2015 In Review
The Winners and Losers of the Commodities Collapse

The story of 2015 can be told a few ways, but one of the most obvious ones is that this was the year the commodities boom officially came crashing down. Raw materials prices have been falling for a few years now, but in 2015, the bottom completely fell out as demand from manufacturing giants—particularly China—slowed. From South Africa to Brazil, the results haven’t been pretty.

Yet it’s important to remember that commodity prices are cyclical. When prices drop, producers stop investing in new capacity. At some point, demand will catch up to supply once again and commodity prices will lurch back up.

These cycles are as old as the modern capitalist economy (going back to the first Dutch tulip bubble), but they still take people by surprise. They also confuse geopolitical analysts. Practically the whole profession mistook the last “up” cycle as a fundamental transformation of the world order. Commodity exporters like Russia, Brazil, and South Africa were seen as emerging new powerhouses—but now their economies are looking more like roadkill.

The effects of the cycle are very real and they mean trouble for commodity producing countries that are under any kind of stress. That’s a long list, and some of these countries could experience serious instability — especially in places like Venezuela, where some of the world’s dumbest economic policies were causing trouble even when oil prices were high.

On the other hand, the down cycle is good for China, a country that mostly imports commodities and exports manufactured goods.
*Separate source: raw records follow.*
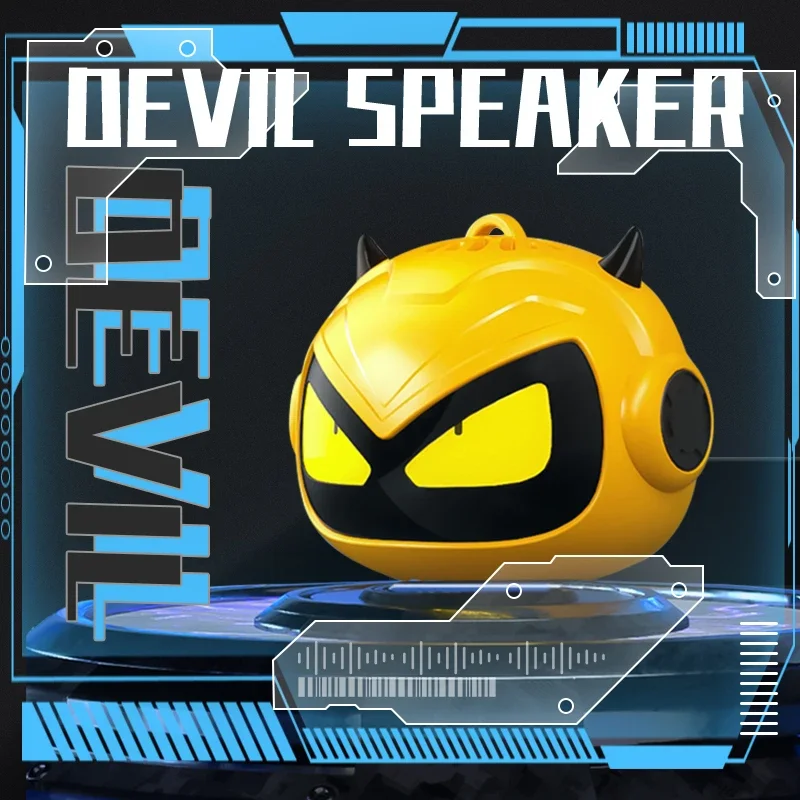 Little Devil Bluetooth-Lautsprecher, Mini, tragbar, kabellos, Soundbox, LED, wechselnder Lichteffekt, 3D-Sound, Stereo, TWS-Subwoofer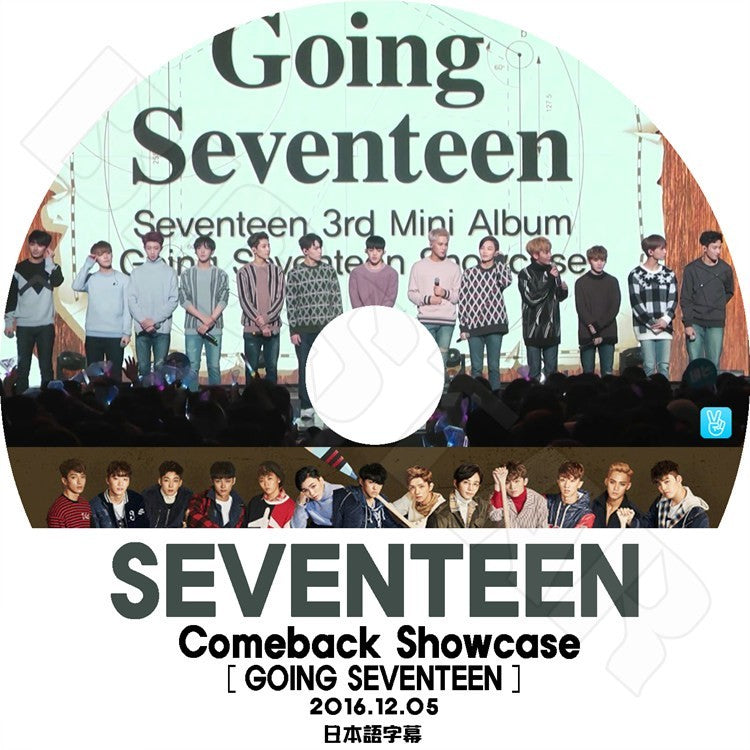 K-POP DVD/ Seventeen Comeback Showcase (2016.12.05) Going SEVENTEEN V LIVE(日本語字幕あり)／セブンティーン セブチ ウジ ホシ バーノン ディノ ドギョム..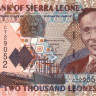 2000 леоне 01.02.2002 года. Сьерра-Леоне. р26а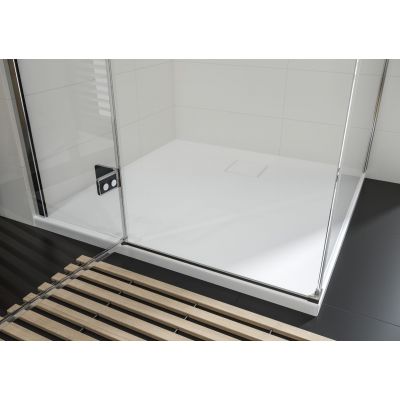 Zestaw Cersanit Jota kabina prysznicowa 90x90 cm kwadratowa lewa z brodzikiem Tako chrom/szkło przezroczyste (S160001, S204012)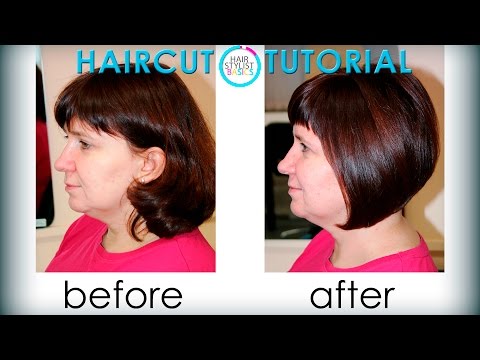 Видео: haircut female Bob  (Женская стрижка "Боб") tutorial 27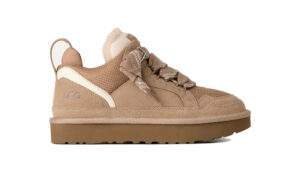 נעלי האג גברים | UGG Men's Lowmel Sneaker Sand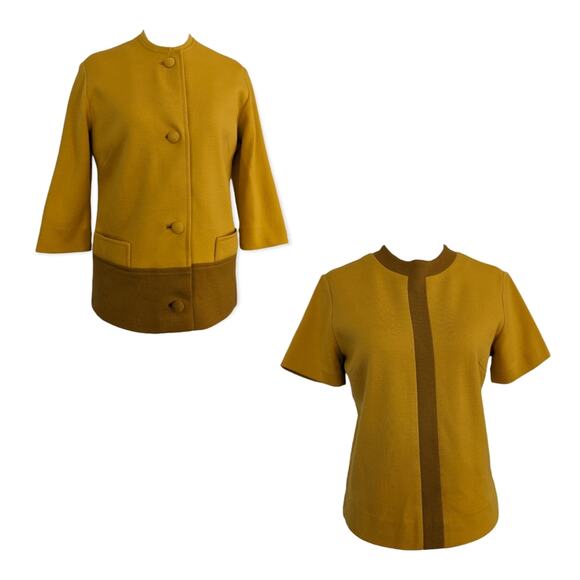Vintage Edlo Midcentury Wool Cardigan Set - Picture 1 of 10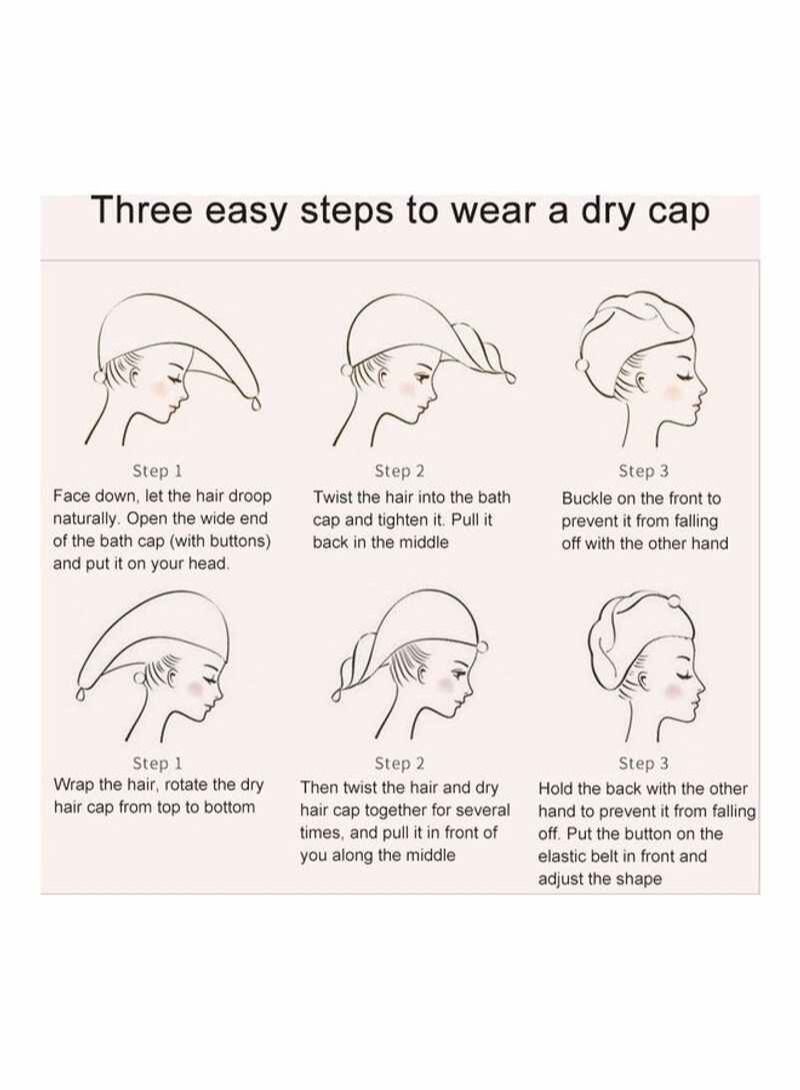 Banotex Hair drying towel of the finest cotton off-white color - Image 2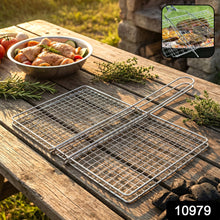 Heavy-Duty Stainless-Steel Barbecue Grill Basket (1 Pc)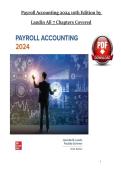 Payroll Accounting 2024 Test Bank 10th Edition &lpar;2026&rpar; &ndash; Landin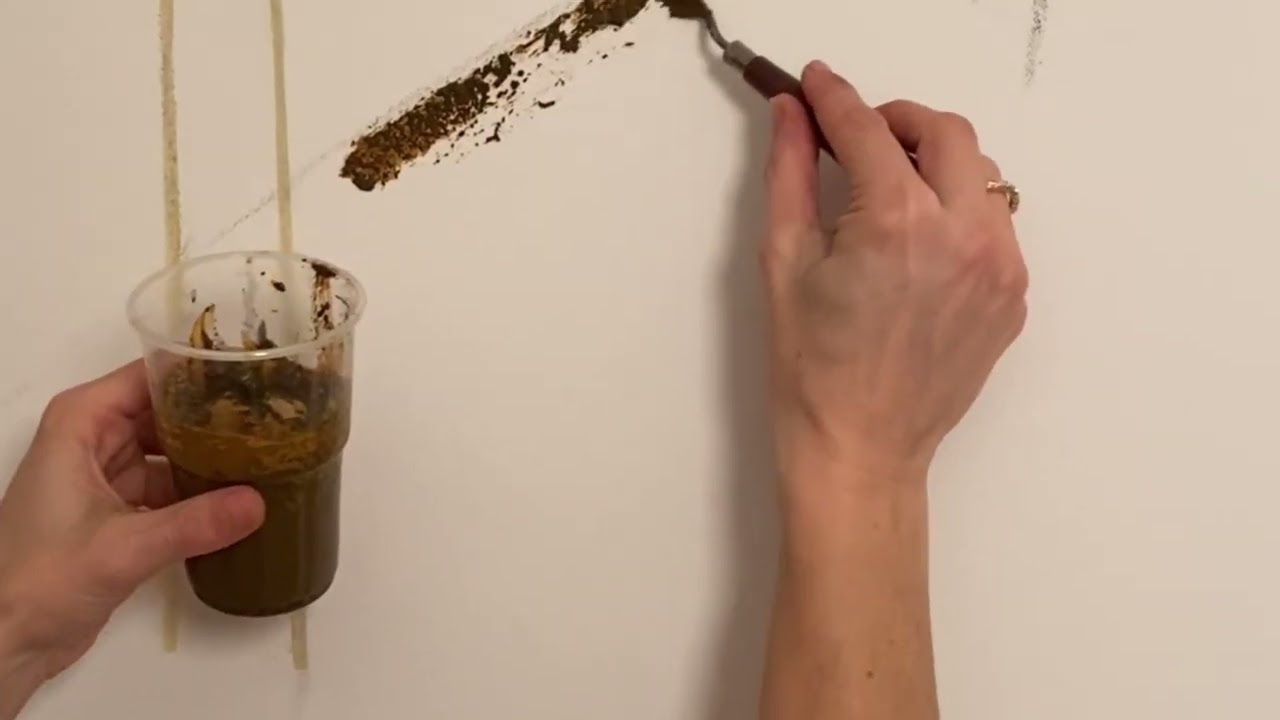 Earthbound: The Raw Beauty of Coffee & Ash on Canvas
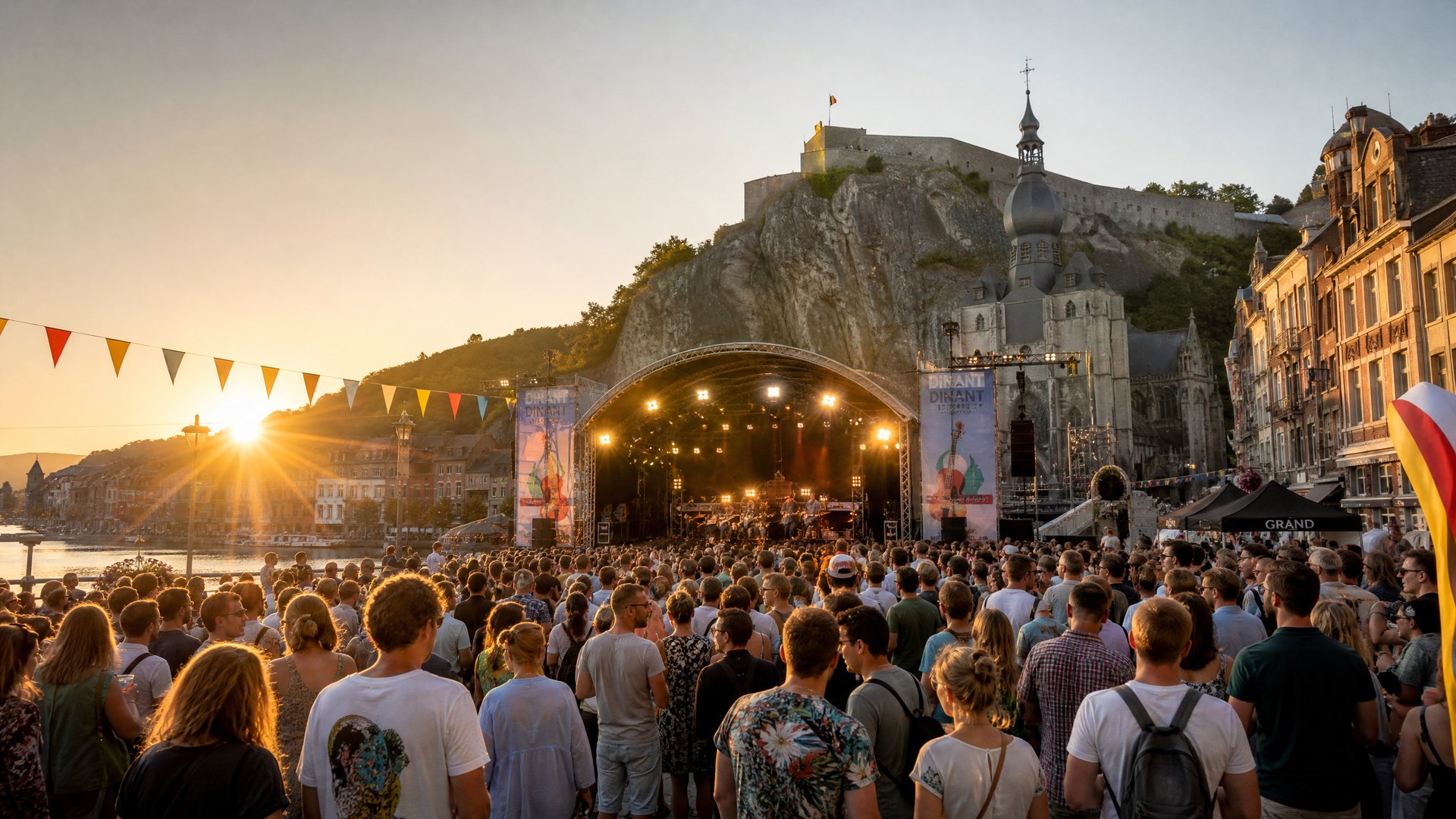 Festival de musique en plein air à Dinant lors de la Fête de la Musique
Oil, iron, steel, tin, copper, and just about everything else China’s factories need is on sale right now. That’s very helpful when China’s profit-strapped manufacturing economy needs every dime it can get.

For the United States, it’s a wash. America produces a lot of oil, gas, minerals, and agricultural goods, but we produce plenty of other things. Low oil prices are bad for Texas, but good for Detroit. When gas is cheap, people tend to buy big honking cars that earn more profits for the car makers. Some sectors of the financial markets have been looking shaky; junk bonds issued by companies in the oil and gas business aren’t looking quite as safe as investors once thought they were. But on the whole, the U.S. is hedged better than most developed countries against high commodity prices—and hedged better than developing countries against commodity crashes. That’s one reason that the U.S. consistently remains one of the world’s top economic performers.